> Aim of the exercise: Your task is to retype the lines from the opening of the material through the line that includes "American Eagle Outfitters". Do not copy the pictures.

START Data excerpts

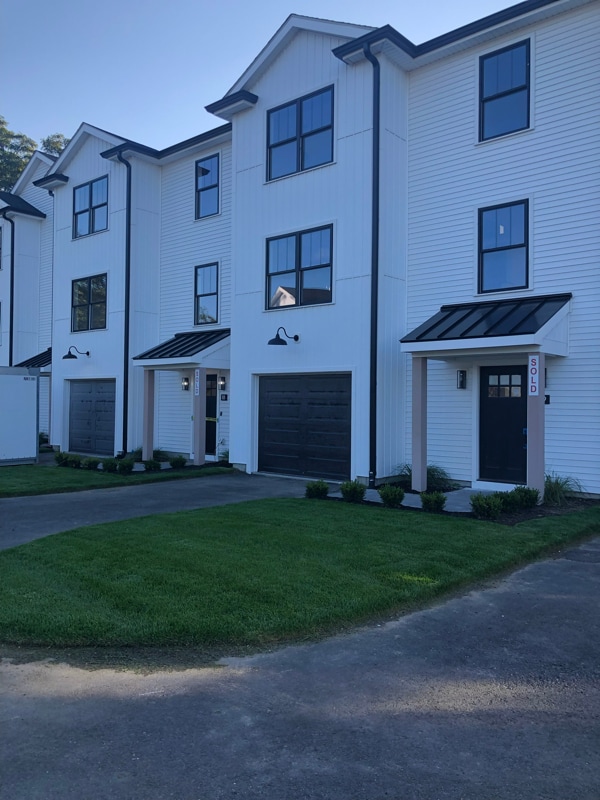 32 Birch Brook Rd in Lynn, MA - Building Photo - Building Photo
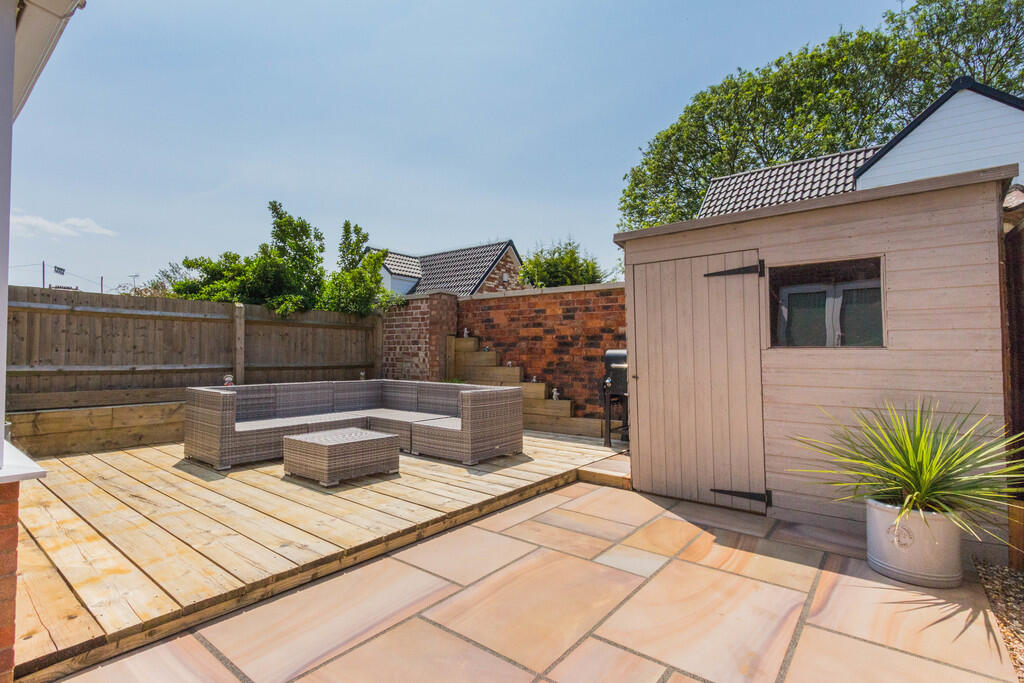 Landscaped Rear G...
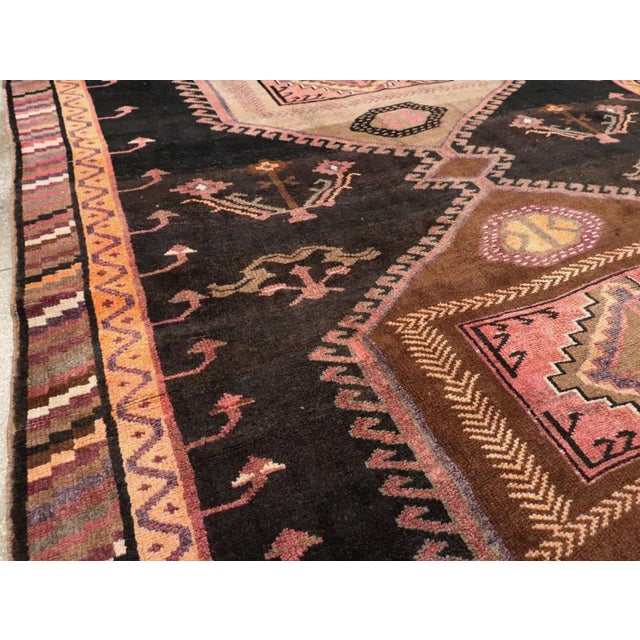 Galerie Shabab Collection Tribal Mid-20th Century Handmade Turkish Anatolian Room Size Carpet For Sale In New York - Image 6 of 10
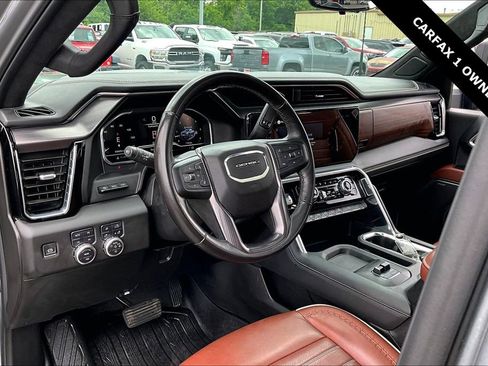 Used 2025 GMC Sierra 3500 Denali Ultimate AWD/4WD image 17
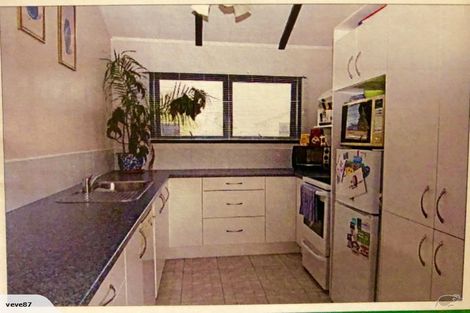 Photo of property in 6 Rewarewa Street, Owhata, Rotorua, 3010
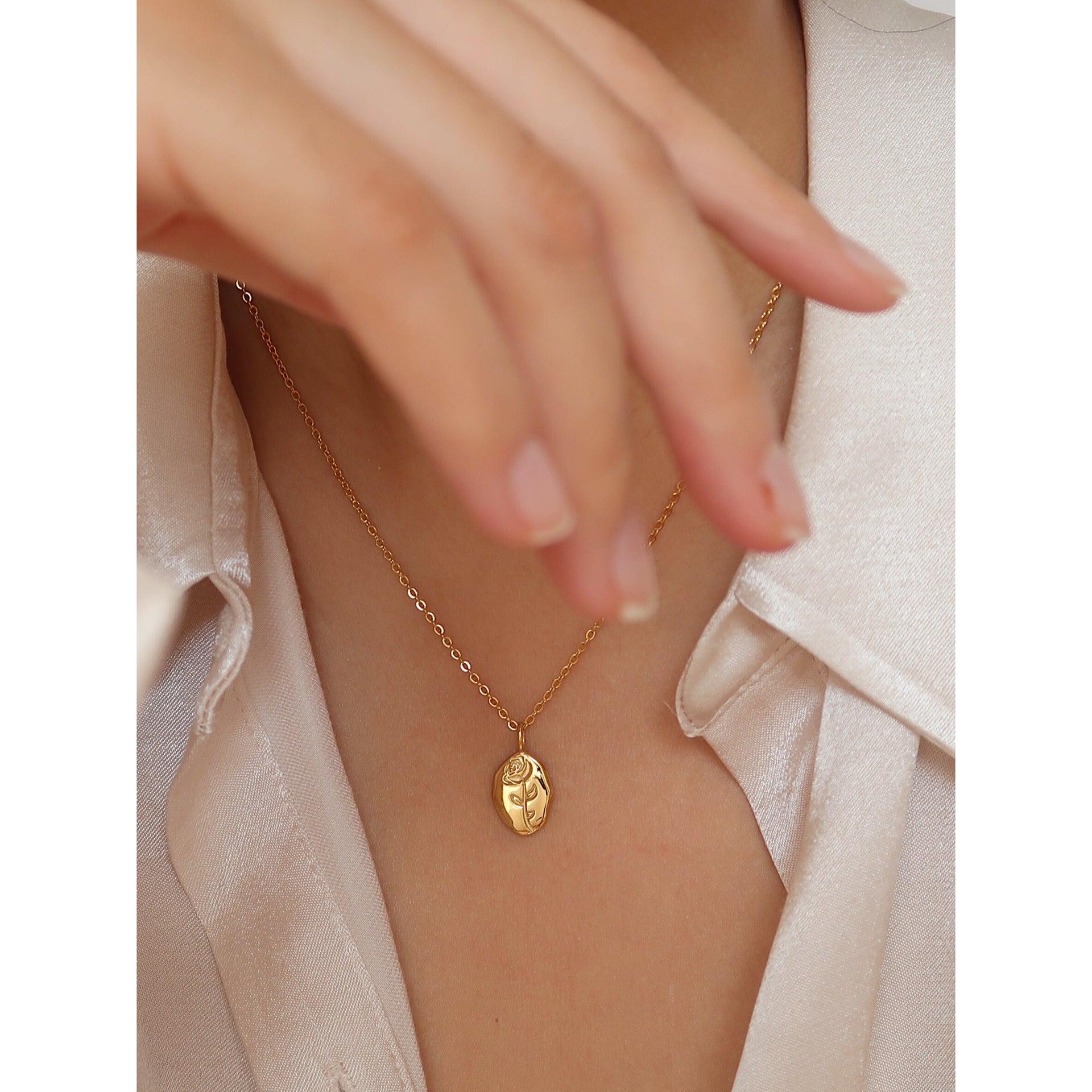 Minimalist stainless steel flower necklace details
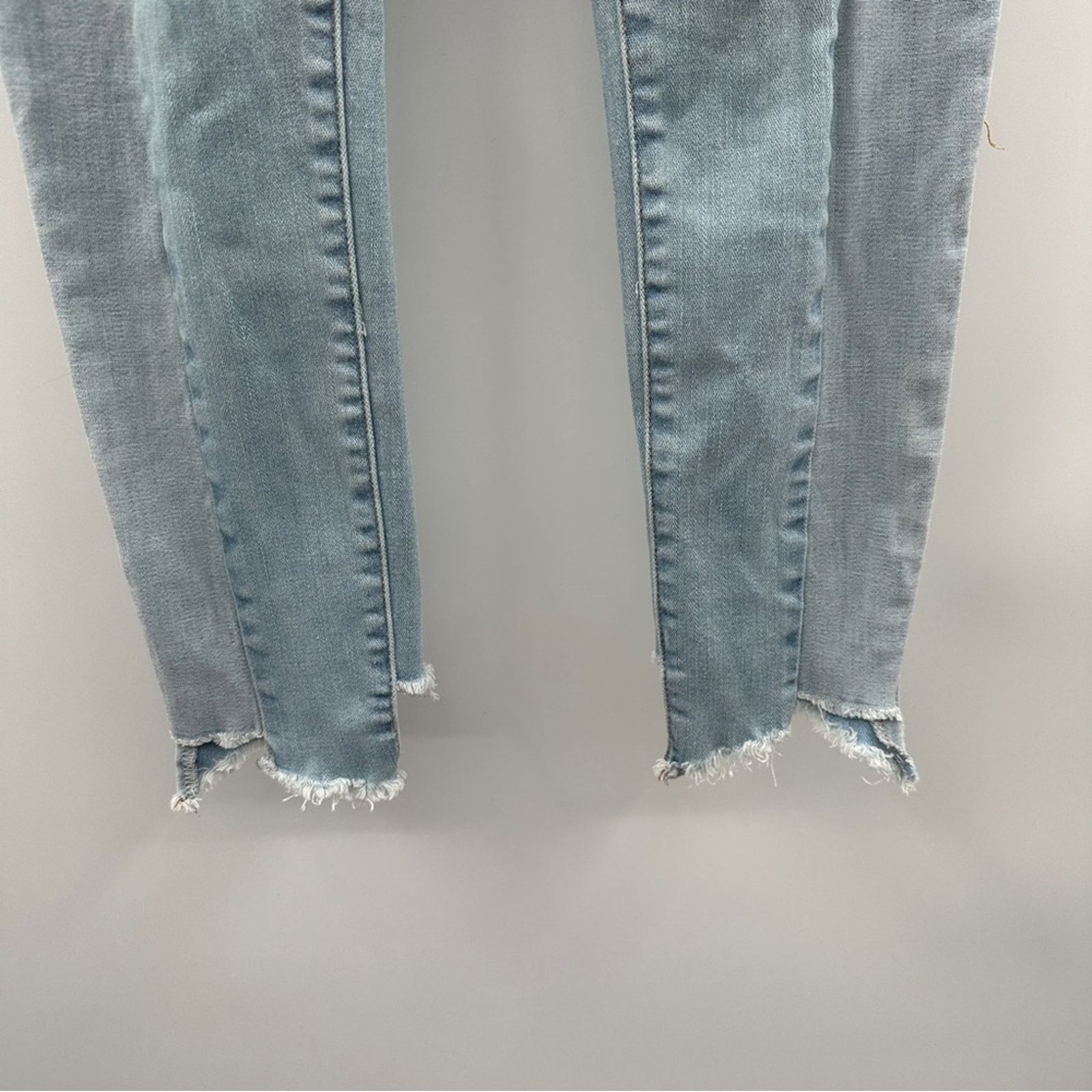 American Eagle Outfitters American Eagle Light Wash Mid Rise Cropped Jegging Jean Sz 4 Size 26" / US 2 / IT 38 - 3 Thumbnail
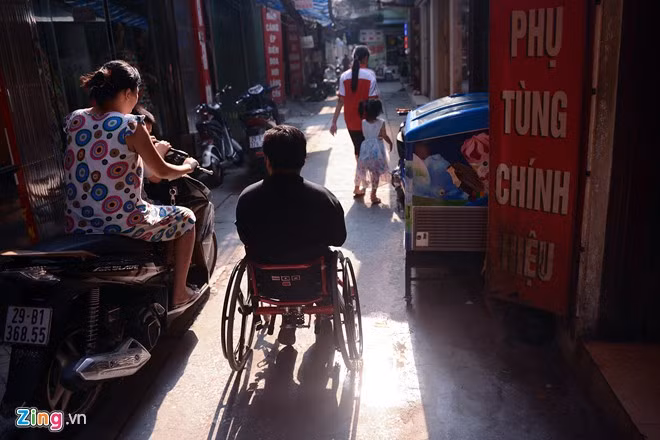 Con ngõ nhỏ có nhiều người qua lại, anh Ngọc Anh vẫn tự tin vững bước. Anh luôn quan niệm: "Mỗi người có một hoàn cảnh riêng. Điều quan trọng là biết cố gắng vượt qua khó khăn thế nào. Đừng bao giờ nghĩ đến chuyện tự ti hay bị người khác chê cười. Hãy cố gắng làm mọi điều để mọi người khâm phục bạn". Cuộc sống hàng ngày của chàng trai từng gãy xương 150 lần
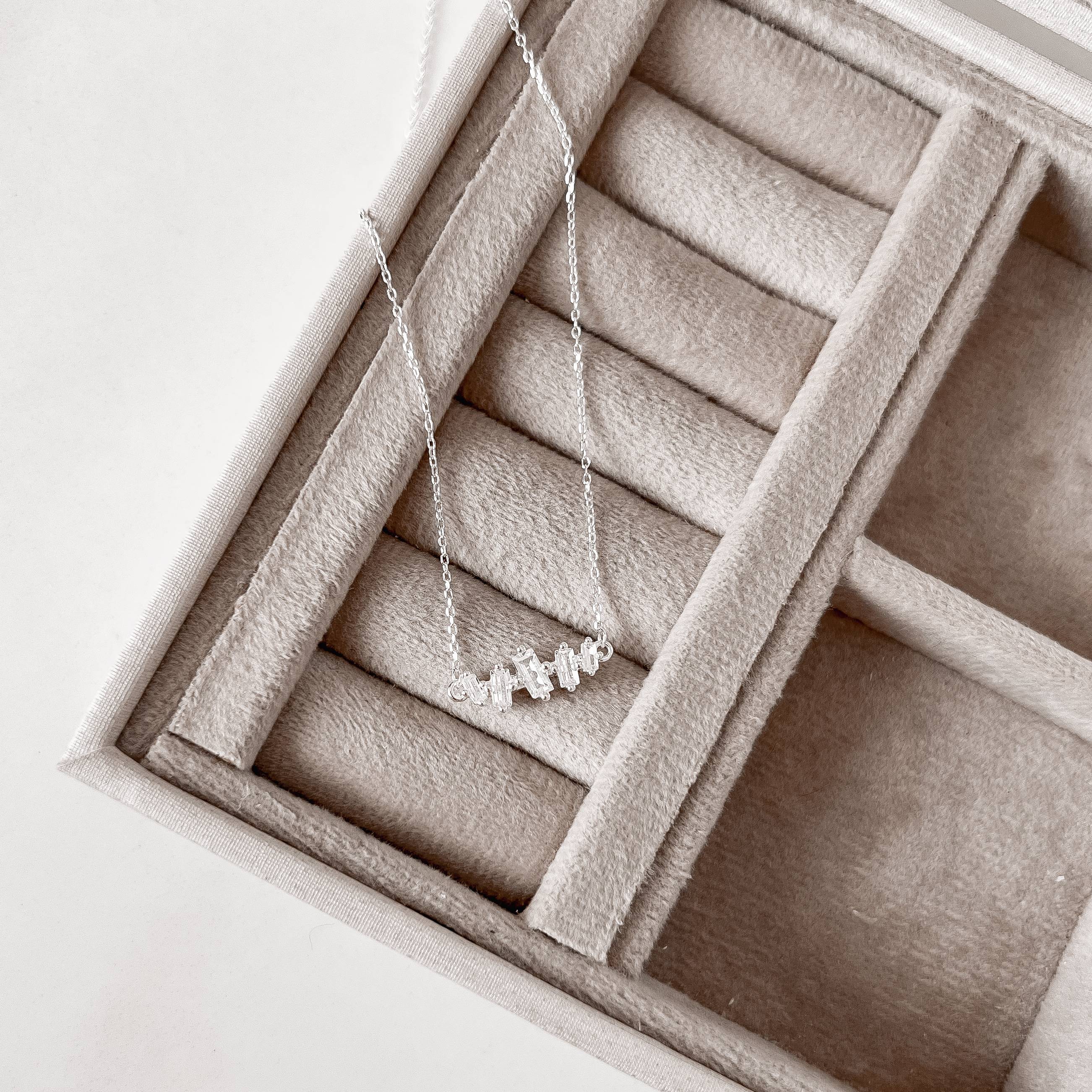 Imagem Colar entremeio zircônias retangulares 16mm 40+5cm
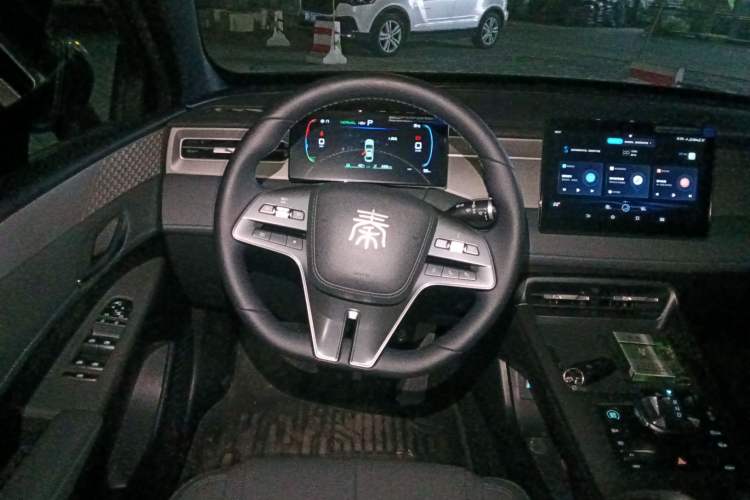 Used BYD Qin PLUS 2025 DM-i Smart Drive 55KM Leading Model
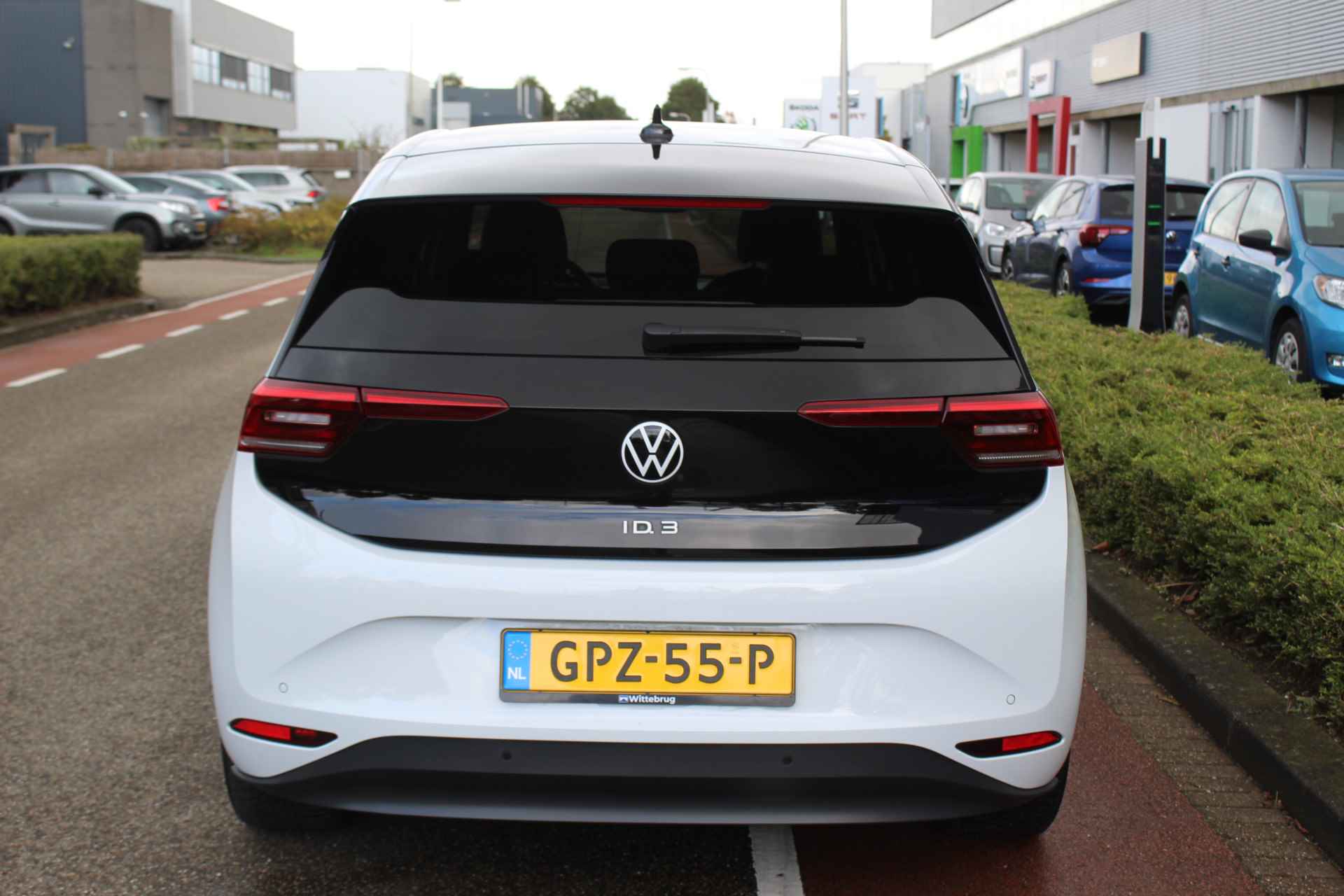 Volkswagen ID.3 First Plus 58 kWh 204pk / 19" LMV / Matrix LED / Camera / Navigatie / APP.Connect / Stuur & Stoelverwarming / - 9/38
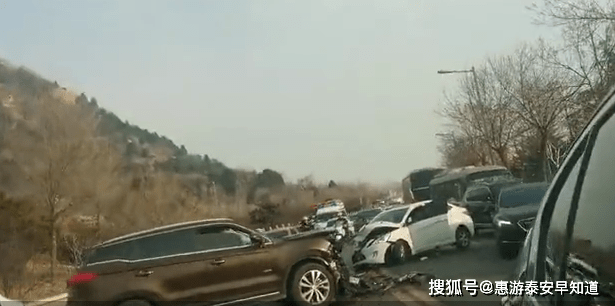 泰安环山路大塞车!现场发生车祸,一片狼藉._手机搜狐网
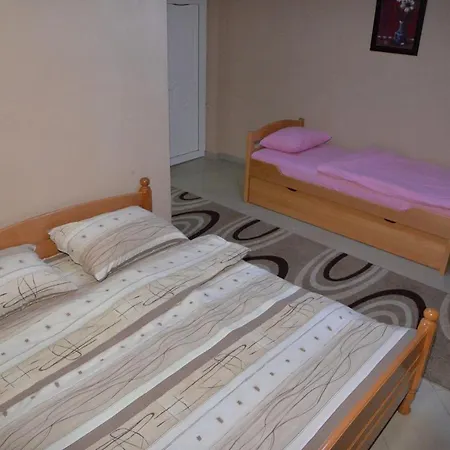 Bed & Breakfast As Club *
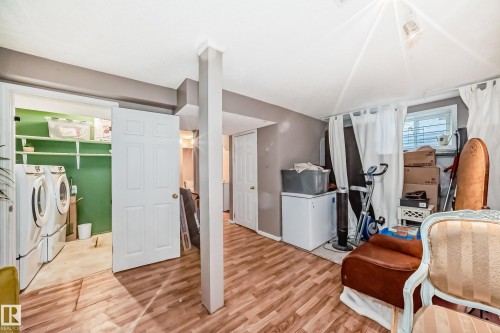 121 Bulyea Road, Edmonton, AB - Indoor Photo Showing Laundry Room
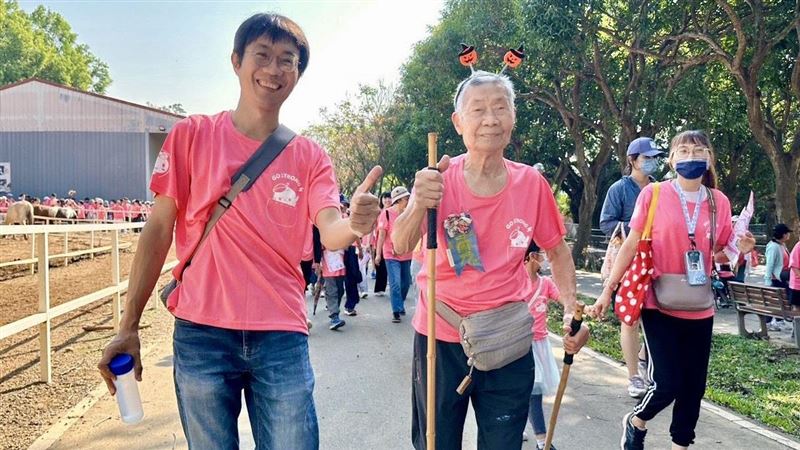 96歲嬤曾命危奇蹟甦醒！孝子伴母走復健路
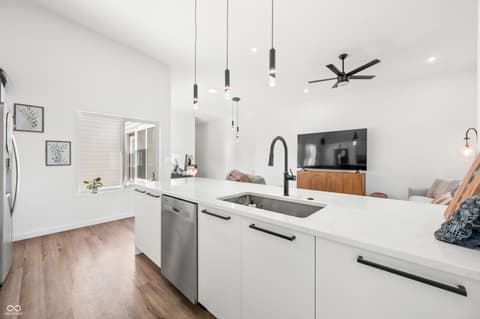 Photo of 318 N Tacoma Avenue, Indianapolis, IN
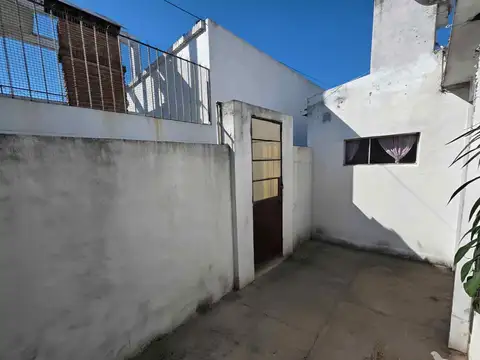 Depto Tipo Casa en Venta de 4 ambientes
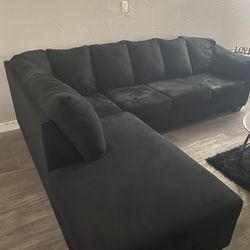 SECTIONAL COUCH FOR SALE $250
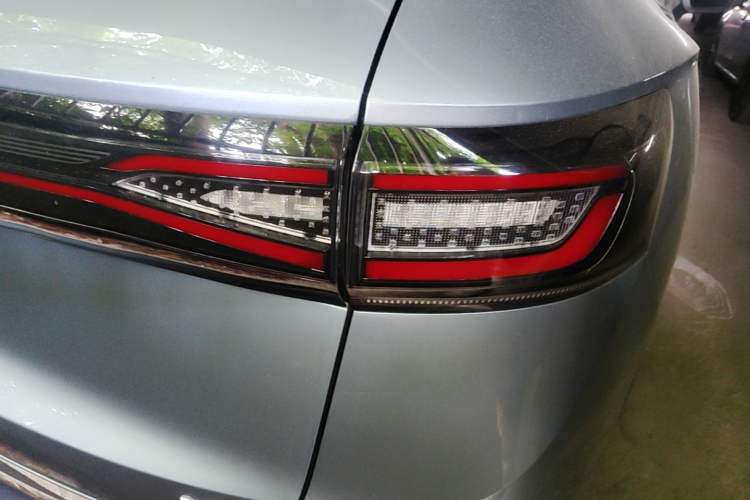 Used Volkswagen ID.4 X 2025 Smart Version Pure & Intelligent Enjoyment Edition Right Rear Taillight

END Data excerpts

> Written response:
 32 Birch Brook Rd in Lynn, MA - Building Photo - Building Photo
 Landscaped Rear G...
 Galerie Shabab Collection Tribal Mid-20th Century Handmade Turkish Anatolian Room Size Carpet For Sale In New York - Image 6 of 10
 Used 2025 GMC Sierra 3500 Denali Ultimate AWD/4WD image 17
 Photo of property in 6 Rewarewa Street, Owhata, Rotorua, 3010
 Minimalist stainless steel flower necklace details
 American Eagle Outfitters American Eagle Light Wash Mid Rise Cropped Jegging Jean Sz 4 Size 26" / US 2 / IT 38 - 3 Thumbnail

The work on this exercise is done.